Computer Science syllabus, dot point by dot point

Follow and write algorithms (flowcharts, pseudocode, program code) that use sequence, selection, repetition (count-controlled, condition-controlled) and iteration with input, processing and output, and that use variables, constants and one- and two-dimensional data structures (strings, records, arrays).

Understand the benefit of using decomposition and abstraction to model aspects of the real world and to analyse, understand and solve problems, and understand the benefits of using subprograms.

Understand syntax, logic and runtime errors and correct logic errors in algorithms; understand how the standard algorithms (bubble sort, merge sort, linear search, binary search) work; and use logical reasoning and test data to evaluate an algorithm's fitness for purpose and efficiency.

Follow and write algorithms that use arithmetic operators (addition, subtraction, division, multiplication, modulus, integer division, exponentiation), relational operators (equal to, less than, greater than, not equal to, less than or equal to, greater than or equal to) and logical operators (AND, OR, NOT).

Determine the correct output of an algorithm for a given set of data, and use a trace table to determine what value a variable will hold at a given point in an algorithm.

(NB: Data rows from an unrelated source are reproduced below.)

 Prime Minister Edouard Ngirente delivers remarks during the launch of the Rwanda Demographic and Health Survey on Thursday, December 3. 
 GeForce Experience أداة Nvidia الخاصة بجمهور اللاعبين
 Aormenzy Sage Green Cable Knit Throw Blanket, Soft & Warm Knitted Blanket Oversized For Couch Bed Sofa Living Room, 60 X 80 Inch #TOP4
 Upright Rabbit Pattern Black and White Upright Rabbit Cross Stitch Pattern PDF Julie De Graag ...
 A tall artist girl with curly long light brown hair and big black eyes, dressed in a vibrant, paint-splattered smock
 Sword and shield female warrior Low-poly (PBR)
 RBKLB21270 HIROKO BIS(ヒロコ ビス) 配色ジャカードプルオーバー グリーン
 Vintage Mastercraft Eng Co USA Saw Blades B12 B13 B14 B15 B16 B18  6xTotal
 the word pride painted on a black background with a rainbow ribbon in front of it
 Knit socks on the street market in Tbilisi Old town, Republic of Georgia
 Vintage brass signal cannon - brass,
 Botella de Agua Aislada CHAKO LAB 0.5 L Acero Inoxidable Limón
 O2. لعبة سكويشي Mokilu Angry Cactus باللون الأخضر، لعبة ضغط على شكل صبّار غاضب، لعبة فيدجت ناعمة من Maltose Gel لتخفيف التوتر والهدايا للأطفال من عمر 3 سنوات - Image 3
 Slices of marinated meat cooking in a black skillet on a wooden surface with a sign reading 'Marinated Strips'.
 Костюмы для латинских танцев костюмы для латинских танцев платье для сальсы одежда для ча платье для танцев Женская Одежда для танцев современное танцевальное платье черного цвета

Apply logical operators (AND, OR, NOT) in truth tables with up to three inputs to solve problems.

Understand the concept of an embedded system and what embedded systems are used for.

Understand the purpose and functionality of an operating system (file management, process management, peripheral management, user management).

Understand the characteristics and purposes of low-level and high-level programming languages, and how an interpreter differs from a compiler in the way it translates high-level code into machine code.

Understand the role of secondary storage and the ways in which data is stored on devices (magnetic, optical, solid state).

Understand the purpose and functionality of utility software (file repair, backup, data compression, disk defragmentation, anti-malware), and the importance of developing robust software and methods of identifying vulnerabilities (audit trails, code reviews).

Understand the von Neumann stored program concept and the role of main memory (RAM), the CPU (control unit, arithmetic logic unit, registers), the clock and the address, data and control buses in the fetch-decode-execute cycle.

Understand that computers use binary to represent data (numbers, text, sound, graphics) and program instructions, and determine the maximum number of states that can be represented by a binary pattern of a given length.

Add together two positive binary patterns, apply logical and arithmetic binary shifts, and understand the concept of overflow in relation to the number of bits available to store a value.

Understand how computers encode characters using 7-bit ASCII.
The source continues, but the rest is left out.